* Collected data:
-------

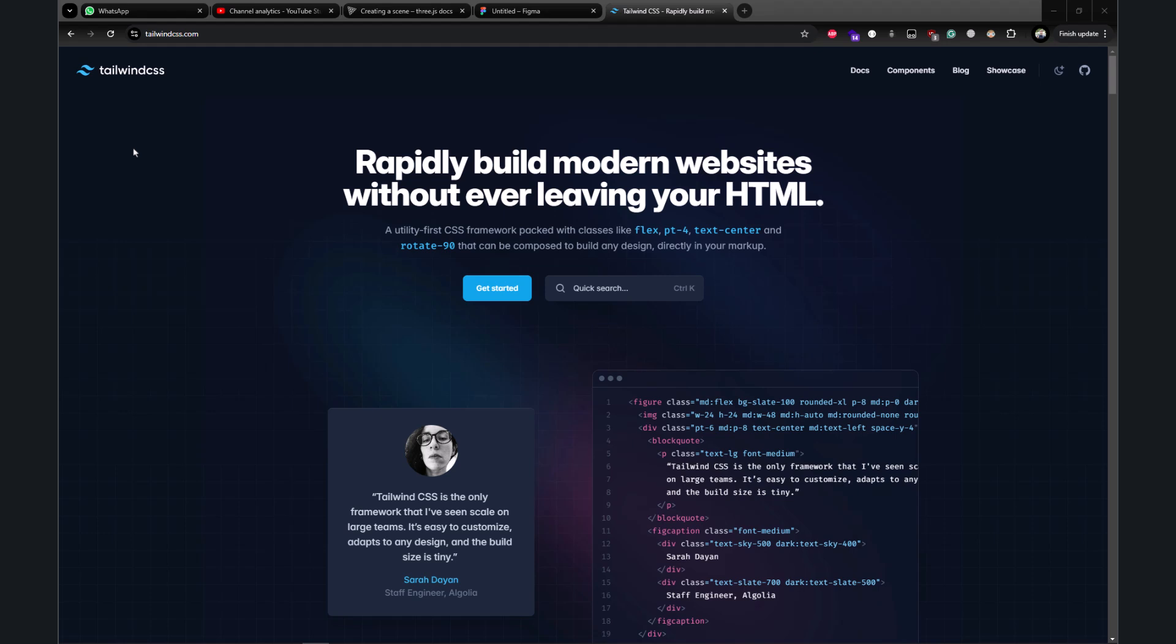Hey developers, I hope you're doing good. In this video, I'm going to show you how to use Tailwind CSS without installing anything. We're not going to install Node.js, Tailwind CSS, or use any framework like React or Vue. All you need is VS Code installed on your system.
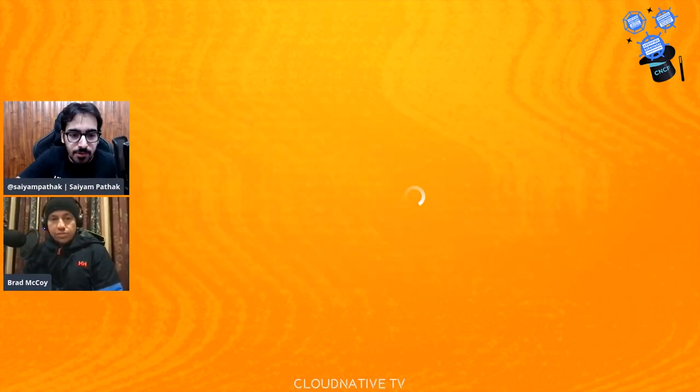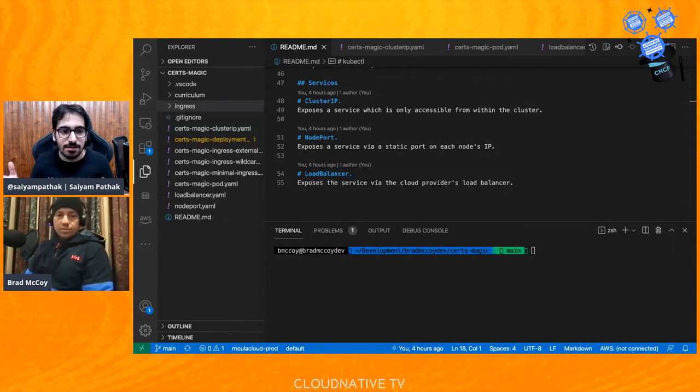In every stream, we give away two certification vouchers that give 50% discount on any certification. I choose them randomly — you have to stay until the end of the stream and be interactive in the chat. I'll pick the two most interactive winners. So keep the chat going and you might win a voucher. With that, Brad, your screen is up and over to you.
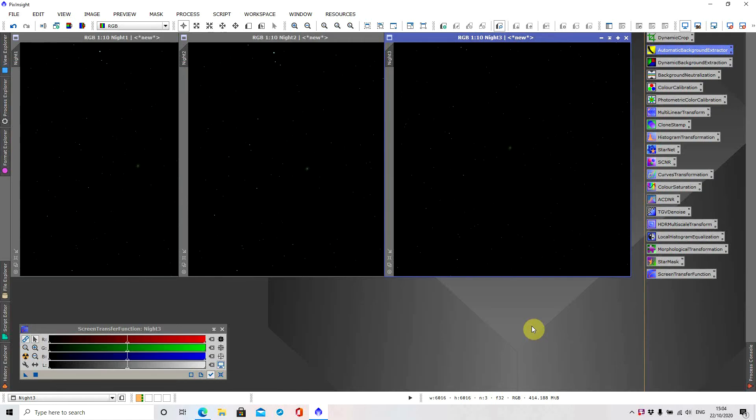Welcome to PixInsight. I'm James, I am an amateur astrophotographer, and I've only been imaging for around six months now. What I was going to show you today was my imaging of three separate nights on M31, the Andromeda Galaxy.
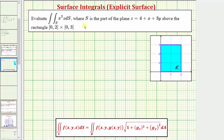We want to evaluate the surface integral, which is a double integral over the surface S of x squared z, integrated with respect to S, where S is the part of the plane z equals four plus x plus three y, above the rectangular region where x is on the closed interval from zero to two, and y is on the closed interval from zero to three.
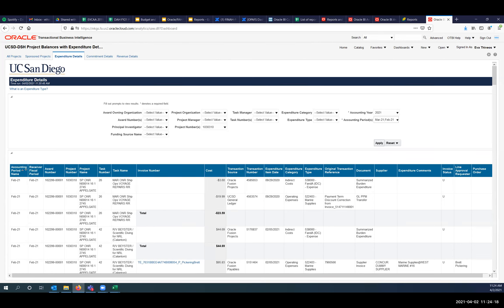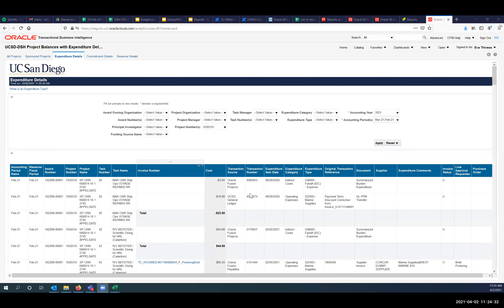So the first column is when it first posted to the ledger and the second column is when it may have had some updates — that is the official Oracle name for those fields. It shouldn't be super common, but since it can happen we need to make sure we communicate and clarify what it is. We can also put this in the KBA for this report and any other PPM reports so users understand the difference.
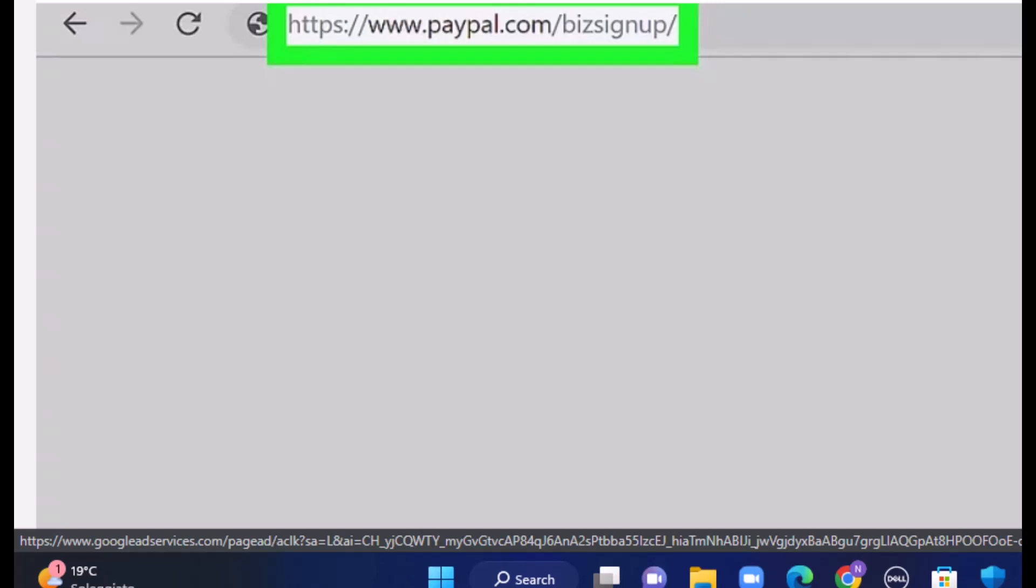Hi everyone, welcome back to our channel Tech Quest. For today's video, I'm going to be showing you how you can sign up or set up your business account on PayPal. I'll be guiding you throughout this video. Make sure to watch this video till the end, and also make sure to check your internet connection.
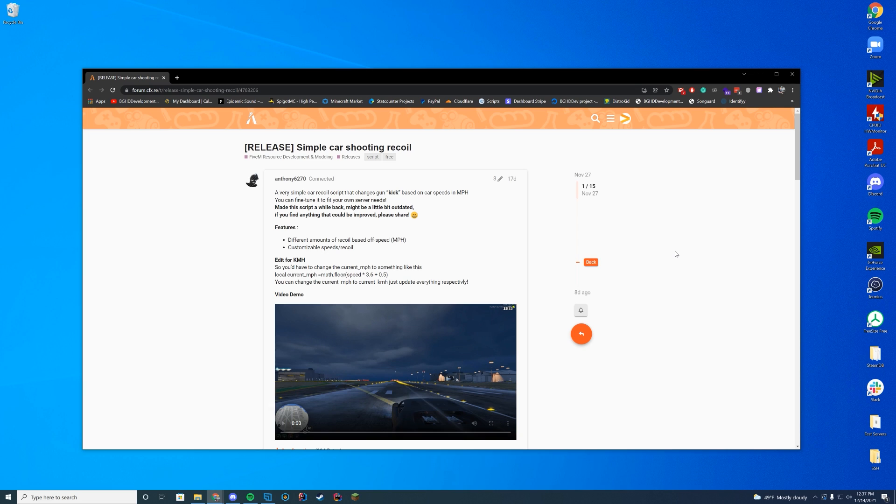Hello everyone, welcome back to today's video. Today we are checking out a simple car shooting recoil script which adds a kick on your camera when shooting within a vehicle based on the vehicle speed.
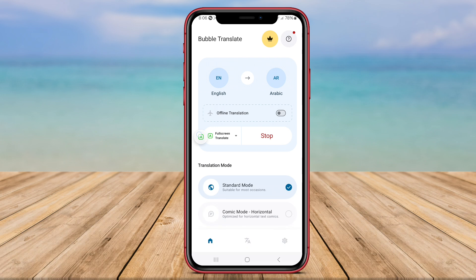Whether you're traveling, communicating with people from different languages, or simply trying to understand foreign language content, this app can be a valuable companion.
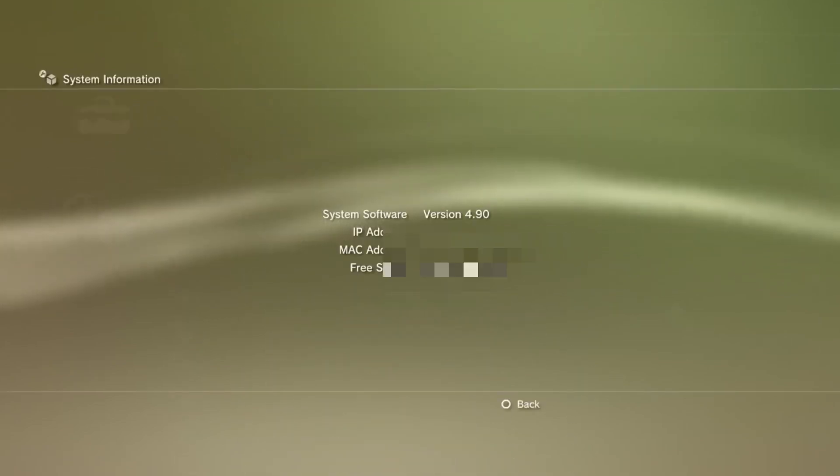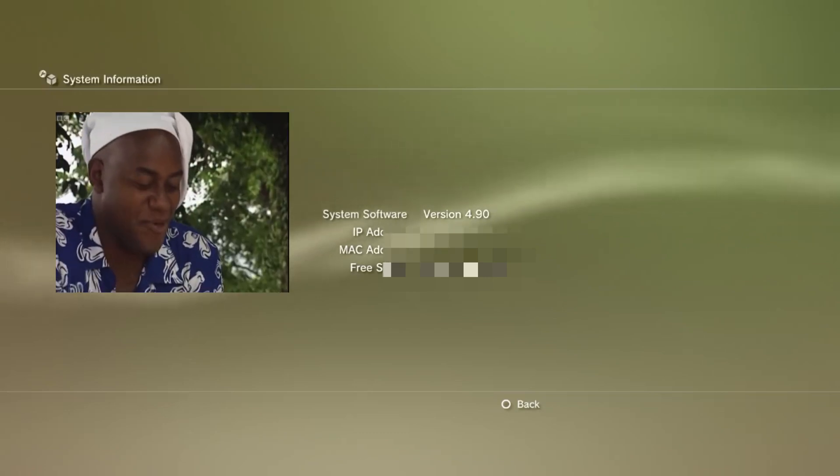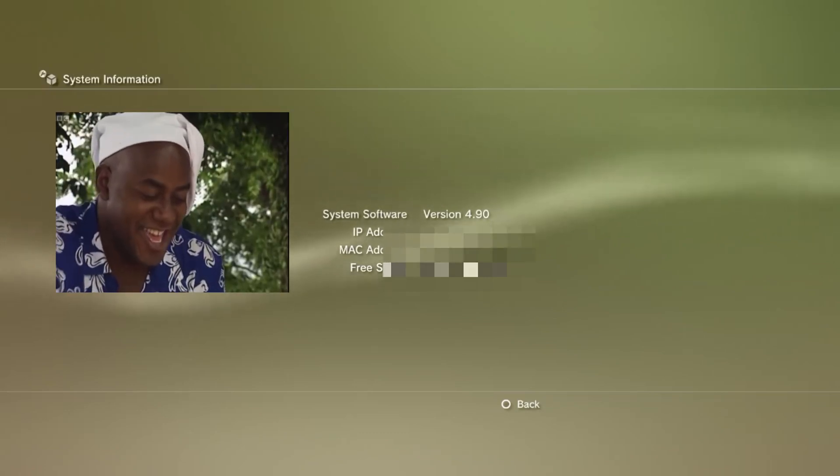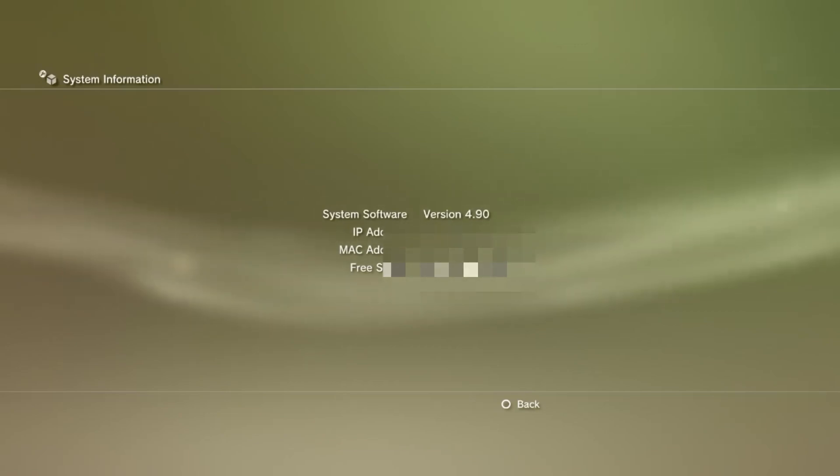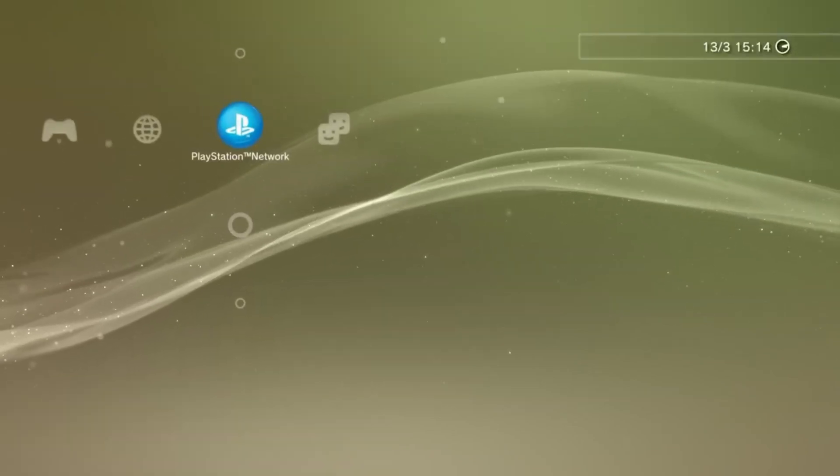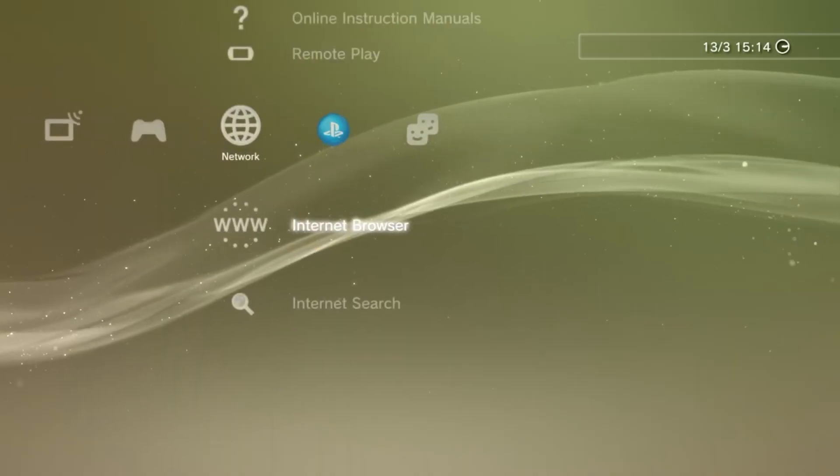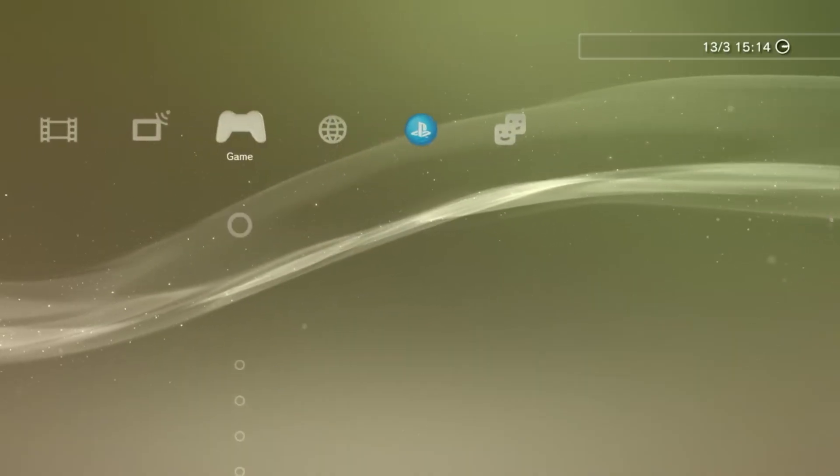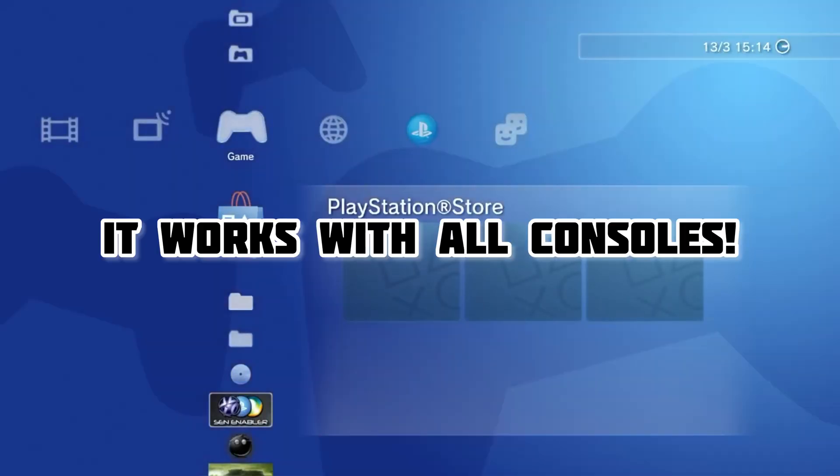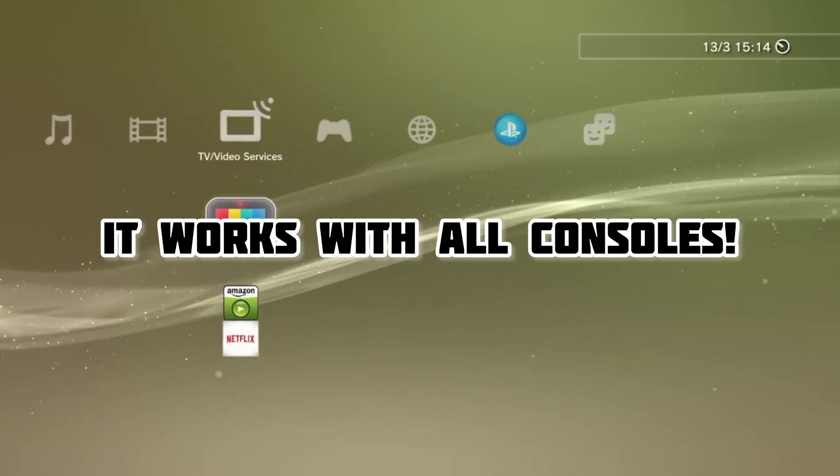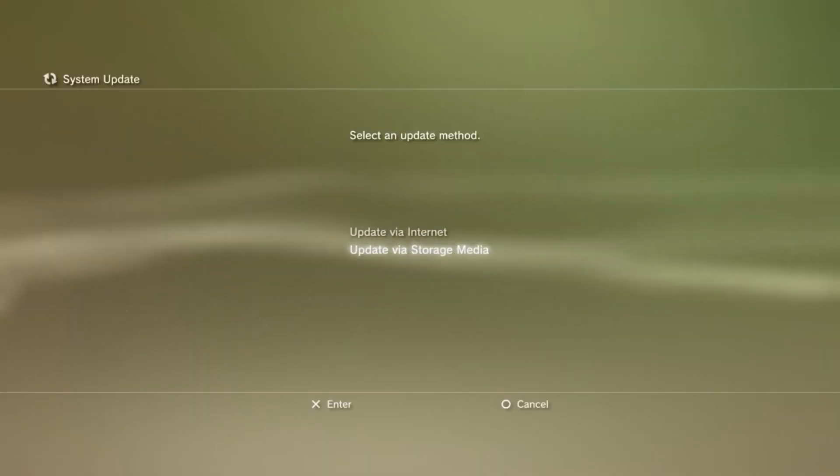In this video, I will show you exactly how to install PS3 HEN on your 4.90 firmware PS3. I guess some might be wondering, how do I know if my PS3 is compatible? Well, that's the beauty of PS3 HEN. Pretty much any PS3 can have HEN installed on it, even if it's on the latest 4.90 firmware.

-------

* Work to complete:
Using the records above, return verbatim only the part that opens with the line containing "Welcome to PixInsight." and closes with the line containing "We want to evaluate"; pictures stay out.

* Answer box:
Welcome to PixInsight. I'm James, I am an amateur astrophotographer, and I've only been imaging for around six months now. What I was going to show you today was my imaging of three separate nights on M31, the Andromeda Galaxy.
We want to evaluate the surface integral, which is a double integral over the surface S of x squared z, integrated with respect to S, where S is the part of the plane z equals four plus x plus three y, above the rectangular region where x is on the closed interval from zero to two, and y is on the closed interval from zero to three.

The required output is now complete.